:: ASSIGNED TASK ::
The lines to return run from the one containing "Zdjęcie produktu dla" through the end of the material; give them exactly and leave out the pictures.

:: MATERIALS PROVIDED ::
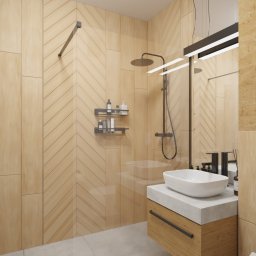 Zulo Design - Wizualizacja łazienki z kabiną prysznicową typu walk-in, umywalką nablatową na szafce z drewnianym frontem i geometrycznym wzorem na ścianach. Czarna armatura i oświetlenie. Widoczne logo...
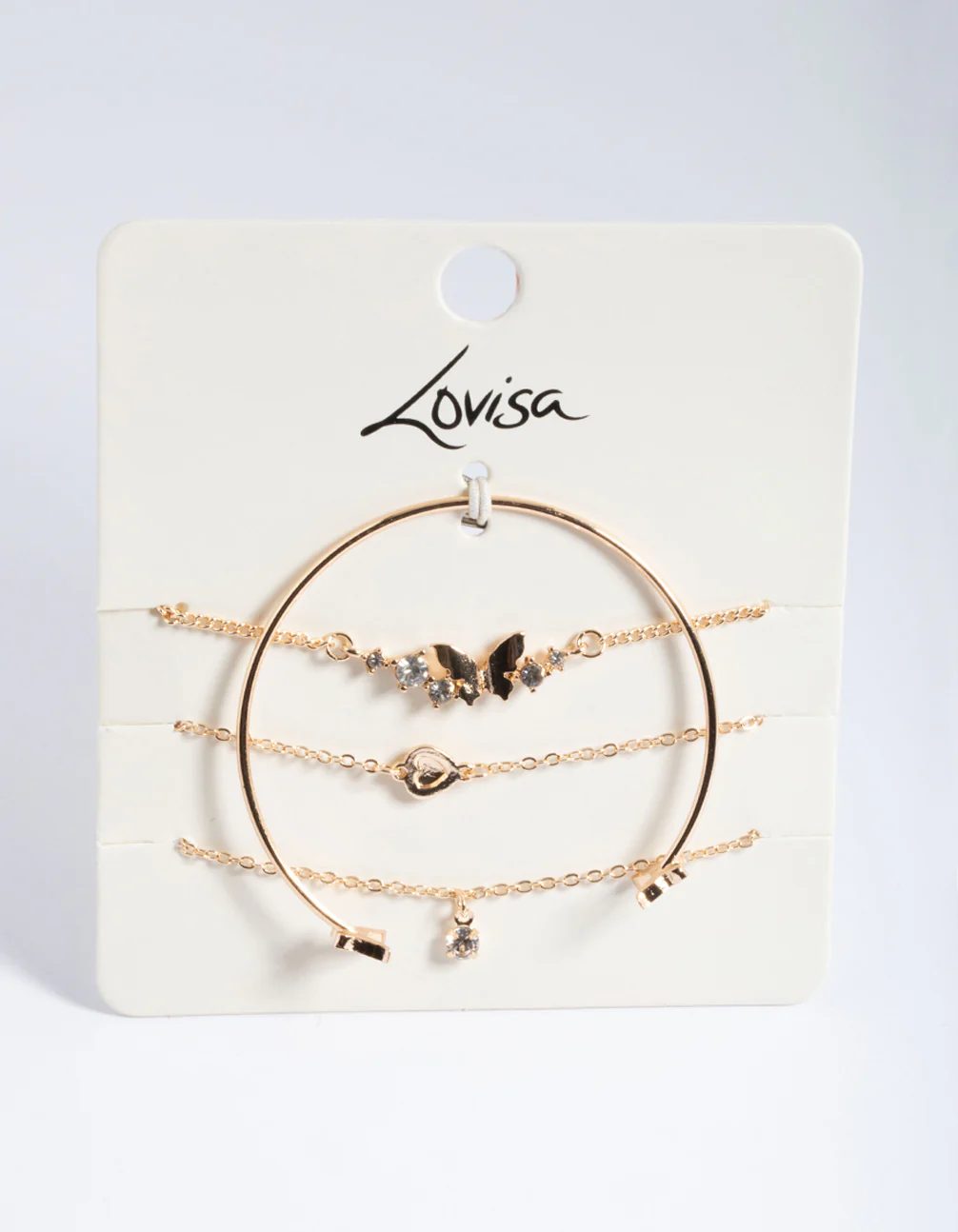 Gold Diamante Butterfly Twist Bracelet 4-Pack - Image 3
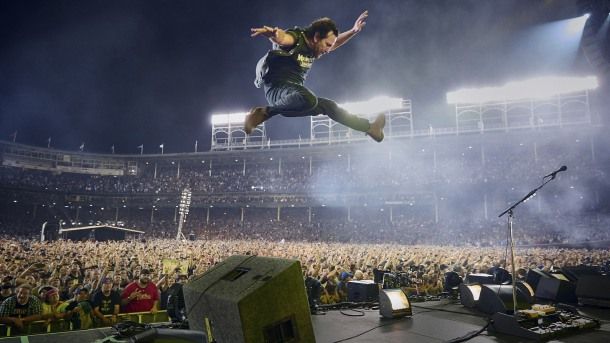 Eddie Vedder, of Pearl Jam, during a concert. Credit: Danny Clinch
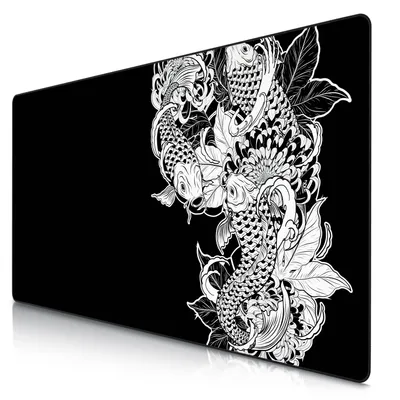Zdjęcie produktu dla Titanwolf Gaming Mouse Pad XXXL, Speed Mousepad 1200 x 600 x 3 mm, duża podkładka na biurko, antypoślizgowa, zmywalna, szybkość i precyzja, Koi Tattoo 3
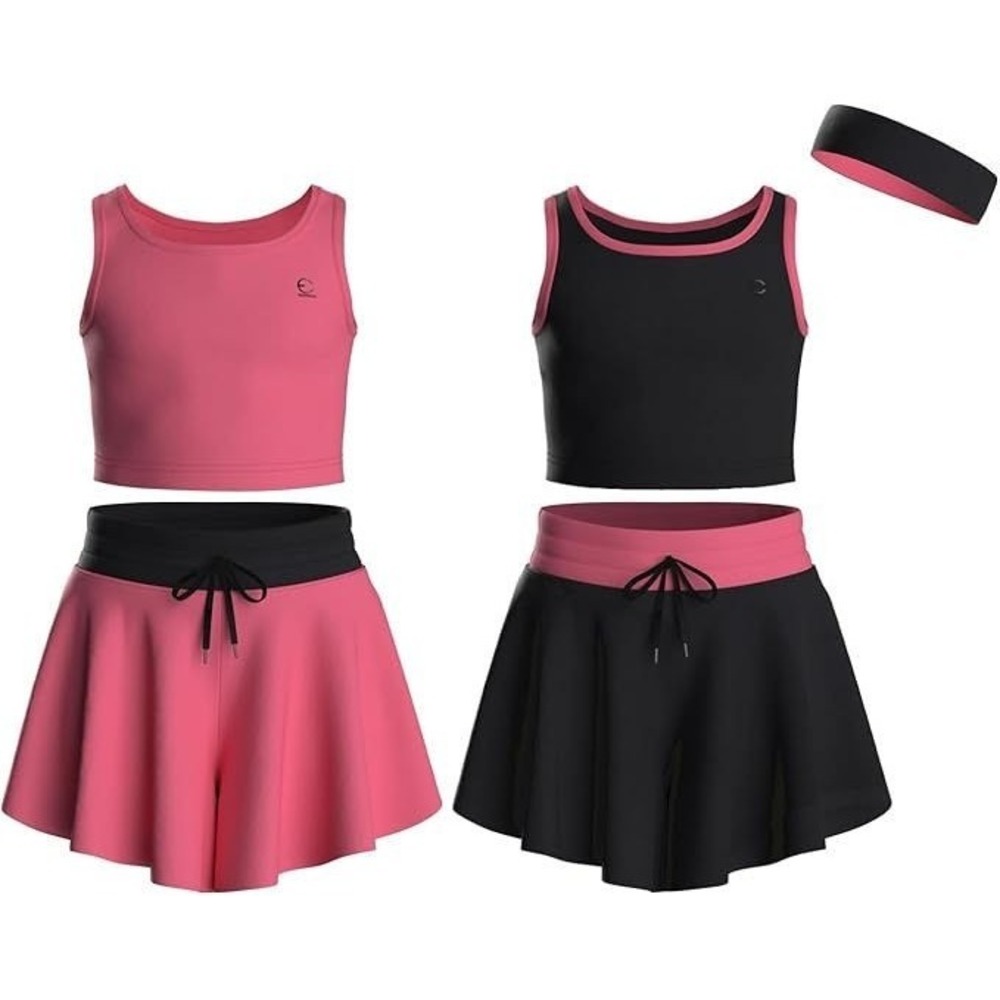 Essenclo Girl's 5pc Athletic Short Skirts w/ Tank Tops - Pink/Black - Sz 9/10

:: RESULT ::
Zdjęcie produktu dla Titanwolf Gaming Mouse Pad XXXL, Speed Mousepad 1200 x 600 x 3 mm, duża podkładka na biurko, antypoślizgowa, zmywalna, szybkość i precyzja, Koi Tattoo 3
 Essenclo Girl's 5pc Athletic Short Skirts w/ Tank Tops - Pink/Black - Sz 9/10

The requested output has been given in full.